Other times, a DUI suspect may not agree to submit to a breathalyzer test because he/she does not believe he/she is being treated fairly or he/she just does not want to give the state evidence to prove the DUI case in court.  In any case, as a practical matter, the implied consent law says that if the police officer has probable cause to believe a person is guilty of DUI, the police officer can request a breathalyzer test.  If the suspect refuses, the suspect is then subject to certain penalties.  A refusal may result in a longer driver’s license suspension.  A second refusal when there has been a previous refusal during a prior DUI case could result in a new misdemeanor charge.  For the instant case, if a person refuses the breathalyzer, the state will try to use that refusal against the defendant in the DUI case if it goes to trial.  The state will argue to the jury that the defendant refused the breathalyzer test because the defendant was drunk and knew he/she would fail it.  Of course, there are many reasons why a defendant would refuse a breathalyzer test, and the criminal defense attorney can make those counterarguments at a DUI trial.  Ultimately, it would be up to a jury to decide, if the DUI case goes to trial.

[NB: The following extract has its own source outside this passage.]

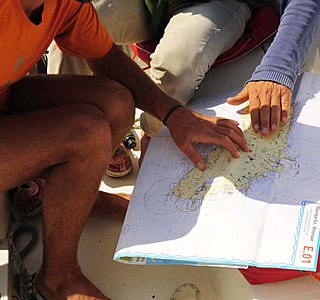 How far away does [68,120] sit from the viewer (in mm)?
1333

Procedurally, in Jacksonville, Florida, the police normally do not offer the breathalyzer test until after the suspect has been arrested for DUI and taken to the jail.  That is one reason why people decide not to submit to a breathalyzer test.  The person is already arrested for DUI at that point, and no one gets “unarrested” after a good breathalyzer reading.  But, after the suspect is taken to the jail and brought to the breathalyzer room in the jail, if he/she refuses to submit to the breathalyzer, the state will try to use that refusal against the suspect in court.